# EXERCISE DIRECTIONS
Every line of the records that contains the string "Premium" counts once; give the total and nothing else.

# GIVEN DATA
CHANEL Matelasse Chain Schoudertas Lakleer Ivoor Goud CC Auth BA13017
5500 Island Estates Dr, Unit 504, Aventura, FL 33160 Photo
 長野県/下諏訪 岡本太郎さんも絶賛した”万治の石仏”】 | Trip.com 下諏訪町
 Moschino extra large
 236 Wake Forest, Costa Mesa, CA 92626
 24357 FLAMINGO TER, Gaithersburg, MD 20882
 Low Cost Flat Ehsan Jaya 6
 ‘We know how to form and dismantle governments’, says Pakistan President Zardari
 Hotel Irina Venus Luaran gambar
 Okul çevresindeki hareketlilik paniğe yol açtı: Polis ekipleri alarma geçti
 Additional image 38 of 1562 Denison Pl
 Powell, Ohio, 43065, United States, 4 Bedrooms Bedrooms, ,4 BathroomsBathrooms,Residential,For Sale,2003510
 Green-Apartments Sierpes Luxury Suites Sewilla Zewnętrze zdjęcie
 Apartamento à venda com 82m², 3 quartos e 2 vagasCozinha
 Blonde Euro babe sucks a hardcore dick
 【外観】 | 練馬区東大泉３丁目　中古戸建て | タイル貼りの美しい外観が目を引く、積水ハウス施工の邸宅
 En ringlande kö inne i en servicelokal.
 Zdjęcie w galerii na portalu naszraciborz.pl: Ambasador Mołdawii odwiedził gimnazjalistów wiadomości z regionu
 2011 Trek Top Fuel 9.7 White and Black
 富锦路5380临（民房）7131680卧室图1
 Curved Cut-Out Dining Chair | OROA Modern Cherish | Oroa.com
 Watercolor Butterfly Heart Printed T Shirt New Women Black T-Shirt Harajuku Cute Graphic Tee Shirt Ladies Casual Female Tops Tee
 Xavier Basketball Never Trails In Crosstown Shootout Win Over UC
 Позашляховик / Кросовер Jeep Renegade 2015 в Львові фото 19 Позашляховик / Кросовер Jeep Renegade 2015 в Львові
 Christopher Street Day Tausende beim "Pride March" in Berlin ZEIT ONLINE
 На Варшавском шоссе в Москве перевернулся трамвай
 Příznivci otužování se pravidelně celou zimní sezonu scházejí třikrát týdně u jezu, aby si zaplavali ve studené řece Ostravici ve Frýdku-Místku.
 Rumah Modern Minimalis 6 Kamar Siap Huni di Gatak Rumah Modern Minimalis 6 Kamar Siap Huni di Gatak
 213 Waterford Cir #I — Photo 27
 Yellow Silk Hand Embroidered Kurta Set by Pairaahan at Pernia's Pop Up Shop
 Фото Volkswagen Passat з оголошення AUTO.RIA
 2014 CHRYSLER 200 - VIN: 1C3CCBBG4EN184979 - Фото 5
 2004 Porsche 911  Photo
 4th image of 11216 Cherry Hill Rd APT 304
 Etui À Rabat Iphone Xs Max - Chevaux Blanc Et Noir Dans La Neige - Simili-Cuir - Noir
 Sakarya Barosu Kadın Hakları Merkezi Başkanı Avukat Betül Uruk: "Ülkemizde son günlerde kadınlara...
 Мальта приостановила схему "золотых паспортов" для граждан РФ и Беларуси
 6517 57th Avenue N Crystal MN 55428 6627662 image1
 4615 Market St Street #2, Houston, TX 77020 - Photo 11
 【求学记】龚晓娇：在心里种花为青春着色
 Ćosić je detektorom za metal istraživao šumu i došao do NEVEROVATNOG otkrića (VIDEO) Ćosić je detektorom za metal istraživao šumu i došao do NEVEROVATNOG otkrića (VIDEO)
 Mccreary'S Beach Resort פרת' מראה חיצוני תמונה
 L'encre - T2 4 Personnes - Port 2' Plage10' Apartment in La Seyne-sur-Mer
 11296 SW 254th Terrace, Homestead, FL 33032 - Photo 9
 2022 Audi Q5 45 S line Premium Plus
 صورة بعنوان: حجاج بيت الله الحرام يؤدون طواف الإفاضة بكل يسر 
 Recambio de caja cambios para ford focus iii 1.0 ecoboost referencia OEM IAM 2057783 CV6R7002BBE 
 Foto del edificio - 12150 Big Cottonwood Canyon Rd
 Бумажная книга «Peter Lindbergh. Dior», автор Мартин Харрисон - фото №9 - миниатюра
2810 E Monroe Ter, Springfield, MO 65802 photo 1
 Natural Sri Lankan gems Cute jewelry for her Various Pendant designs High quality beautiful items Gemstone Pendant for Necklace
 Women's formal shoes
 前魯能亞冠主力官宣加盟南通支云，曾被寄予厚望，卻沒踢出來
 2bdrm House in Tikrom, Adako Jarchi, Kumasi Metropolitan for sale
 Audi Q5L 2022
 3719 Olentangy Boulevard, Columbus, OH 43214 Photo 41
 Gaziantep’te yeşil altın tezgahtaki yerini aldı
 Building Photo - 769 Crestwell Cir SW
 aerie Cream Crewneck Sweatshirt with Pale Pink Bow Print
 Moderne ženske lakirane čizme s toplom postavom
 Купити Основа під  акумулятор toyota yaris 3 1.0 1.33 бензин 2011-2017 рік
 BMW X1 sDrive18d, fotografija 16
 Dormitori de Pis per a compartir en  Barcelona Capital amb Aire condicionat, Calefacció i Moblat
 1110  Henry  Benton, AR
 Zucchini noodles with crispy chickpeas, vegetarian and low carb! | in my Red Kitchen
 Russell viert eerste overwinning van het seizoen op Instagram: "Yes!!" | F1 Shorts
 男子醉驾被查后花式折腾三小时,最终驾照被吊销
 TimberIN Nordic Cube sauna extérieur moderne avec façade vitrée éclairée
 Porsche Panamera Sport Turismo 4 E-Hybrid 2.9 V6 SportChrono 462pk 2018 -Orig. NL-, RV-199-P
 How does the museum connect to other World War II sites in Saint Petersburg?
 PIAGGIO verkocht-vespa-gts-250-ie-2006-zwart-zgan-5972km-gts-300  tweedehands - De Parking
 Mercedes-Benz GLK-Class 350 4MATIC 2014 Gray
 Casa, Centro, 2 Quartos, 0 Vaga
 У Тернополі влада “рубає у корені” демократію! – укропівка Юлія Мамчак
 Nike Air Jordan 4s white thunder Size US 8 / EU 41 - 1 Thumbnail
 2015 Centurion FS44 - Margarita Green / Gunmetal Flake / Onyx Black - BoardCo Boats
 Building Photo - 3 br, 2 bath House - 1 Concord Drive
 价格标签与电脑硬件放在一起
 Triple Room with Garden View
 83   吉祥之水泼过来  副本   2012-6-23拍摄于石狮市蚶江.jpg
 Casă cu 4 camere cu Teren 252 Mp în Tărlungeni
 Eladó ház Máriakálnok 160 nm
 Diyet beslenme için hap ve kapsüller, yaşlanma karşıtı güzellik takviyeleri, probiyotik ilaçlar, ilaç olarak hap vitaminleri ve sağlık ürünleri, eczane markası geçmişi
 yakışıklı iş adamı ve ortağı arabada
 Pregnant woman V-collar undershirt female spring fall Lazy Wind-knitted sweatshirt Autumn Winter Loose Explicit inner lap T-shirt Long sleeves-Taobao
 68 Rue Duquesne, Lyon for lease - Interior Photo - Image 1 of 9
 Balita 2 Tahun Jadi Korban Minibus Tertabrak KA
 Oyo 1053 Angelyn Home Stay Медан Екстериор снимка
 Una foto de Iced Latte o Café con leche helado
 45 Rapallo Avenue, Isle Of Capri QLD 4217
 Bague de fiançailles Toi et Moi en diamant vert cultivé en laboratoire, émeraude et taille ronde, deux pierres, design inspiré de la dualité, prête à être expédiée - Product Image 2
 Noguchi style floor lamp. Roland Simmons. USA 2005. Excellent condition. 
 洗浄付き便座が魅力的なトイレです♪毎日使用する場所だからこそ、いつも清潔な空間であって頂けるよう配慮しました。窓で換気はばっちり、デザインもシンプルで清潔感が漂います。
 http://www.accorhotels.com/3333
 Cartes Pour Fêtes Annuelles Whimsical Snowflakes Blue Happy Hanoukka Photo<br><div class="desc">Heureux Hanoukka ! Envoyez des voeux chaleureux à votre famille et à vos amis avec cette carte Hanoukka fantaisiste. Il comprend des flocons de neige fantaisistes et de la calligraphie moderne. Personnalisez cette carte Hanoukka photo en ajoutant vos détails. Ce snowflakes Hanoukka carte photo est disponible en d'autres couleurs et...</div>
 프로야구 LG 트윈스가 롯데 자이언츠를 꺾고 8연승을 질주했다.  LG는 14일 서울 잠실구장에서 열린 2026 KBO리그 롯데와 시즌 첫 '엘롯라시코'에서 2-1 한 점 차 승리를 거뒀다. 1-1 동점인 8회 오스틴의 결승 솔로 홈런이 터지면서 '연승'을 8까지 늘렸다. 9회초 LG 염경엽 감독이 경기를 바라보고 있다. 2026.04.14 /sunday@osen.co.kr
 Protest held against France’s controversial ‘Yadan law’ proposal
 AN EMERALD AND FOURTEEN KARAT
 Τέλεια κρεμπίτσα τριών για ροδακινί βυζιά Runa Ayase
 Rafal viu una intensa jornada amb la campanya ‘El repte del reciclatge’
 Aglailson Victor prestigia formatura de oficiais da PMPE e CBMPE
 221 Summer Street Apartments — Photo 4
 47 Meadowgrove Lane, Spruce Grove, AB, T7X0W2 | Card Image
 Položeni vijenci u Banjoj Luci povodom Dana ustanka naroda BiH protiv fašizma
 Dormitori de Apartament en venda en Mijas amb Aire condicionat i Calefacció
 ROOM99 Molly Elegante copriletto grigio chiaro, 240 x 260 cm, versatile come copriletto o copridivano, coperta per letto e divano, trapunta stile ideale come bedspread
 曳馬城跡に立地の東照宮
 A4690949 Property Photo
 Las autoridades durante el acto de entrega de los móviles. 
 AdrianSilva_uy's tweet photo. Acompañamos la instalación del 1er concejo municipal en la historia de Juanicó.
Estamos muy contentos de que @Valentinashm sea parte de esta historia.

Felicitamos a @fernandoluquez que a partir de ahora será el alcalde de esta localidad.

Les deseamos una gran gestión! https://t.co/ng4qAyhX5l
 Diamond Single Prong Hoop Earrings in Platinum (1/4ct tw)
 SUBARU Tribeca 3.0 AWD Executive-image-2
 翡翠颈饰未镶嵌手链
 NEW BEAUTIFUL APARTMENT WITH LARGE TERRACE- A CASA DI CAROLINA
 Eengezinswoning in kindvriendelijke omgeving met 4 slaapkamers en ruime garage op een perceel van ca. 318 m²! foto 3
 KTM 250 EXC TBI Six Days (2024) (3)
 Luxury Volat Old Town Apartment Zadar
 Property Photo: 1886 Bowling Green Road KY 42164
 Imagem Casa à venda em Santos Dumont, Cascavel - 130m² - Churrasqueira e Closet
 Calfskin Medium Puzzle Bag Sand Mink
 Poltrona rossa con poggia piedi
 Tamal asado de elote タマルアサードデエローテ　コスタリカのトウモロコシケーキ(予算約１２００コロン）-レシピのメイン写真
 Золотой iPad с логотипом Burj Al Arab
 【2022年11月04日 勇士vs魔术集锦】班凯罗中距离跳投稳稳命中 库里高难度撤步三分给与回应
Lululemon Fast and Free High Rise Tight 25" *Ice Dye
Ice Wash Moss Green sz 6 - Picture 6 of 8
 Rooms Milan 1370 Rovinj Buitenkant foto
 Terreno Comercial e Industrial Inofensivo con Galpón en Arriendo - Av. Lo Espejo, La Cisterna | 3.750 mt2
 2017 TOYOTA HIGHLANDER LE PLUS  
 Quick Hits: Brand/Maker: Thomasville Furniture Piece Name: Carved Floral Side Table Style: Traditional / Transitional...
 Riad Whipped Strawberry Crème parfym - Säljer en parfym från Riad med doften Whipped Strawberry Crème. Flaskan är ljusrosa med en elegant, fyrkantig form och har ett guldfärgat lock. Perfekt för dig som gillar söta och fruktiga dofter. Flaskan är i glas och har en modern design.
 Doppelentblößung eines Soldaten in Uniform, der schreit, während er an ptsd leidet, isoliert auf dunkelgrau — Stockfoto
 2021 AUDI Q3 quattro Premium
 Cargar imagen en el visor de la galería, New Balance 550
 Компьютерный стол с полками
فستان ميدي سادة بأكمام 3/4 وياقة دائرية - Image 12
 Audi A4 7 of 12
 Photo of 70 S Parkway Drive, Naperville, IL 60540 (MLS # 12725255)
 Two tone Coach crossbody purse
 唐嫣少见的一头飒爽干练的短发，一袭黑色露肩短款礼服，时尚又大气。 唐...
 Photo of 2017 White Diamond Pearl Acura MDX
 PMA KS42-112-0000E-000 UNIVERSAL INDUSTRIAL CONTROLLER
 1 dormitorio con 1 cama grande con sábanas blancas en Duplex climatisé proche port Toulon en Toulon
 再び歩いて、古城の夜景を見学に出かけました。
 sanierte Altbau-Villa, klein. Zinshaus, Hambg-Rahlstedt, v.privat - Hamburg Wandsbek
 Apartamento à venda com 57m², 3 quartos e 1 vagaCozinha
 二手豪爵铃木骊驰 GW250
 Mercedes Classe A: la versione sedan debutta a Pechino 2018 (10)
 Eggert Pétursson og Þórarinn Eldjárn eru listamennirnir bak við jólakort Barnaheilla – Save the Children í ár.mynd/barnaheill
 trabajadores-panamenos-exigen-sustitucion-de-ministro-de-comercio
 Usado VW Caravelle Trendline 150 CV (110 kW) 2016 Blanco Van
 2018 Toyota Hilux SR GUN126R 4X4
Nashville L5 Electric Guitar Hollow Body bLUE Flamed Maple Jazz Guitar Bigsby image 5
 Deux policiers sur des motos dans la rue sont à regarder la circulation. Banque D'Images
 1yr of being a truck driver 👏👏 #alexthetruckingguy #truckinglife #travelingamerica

# THE COMPLETED TASK
2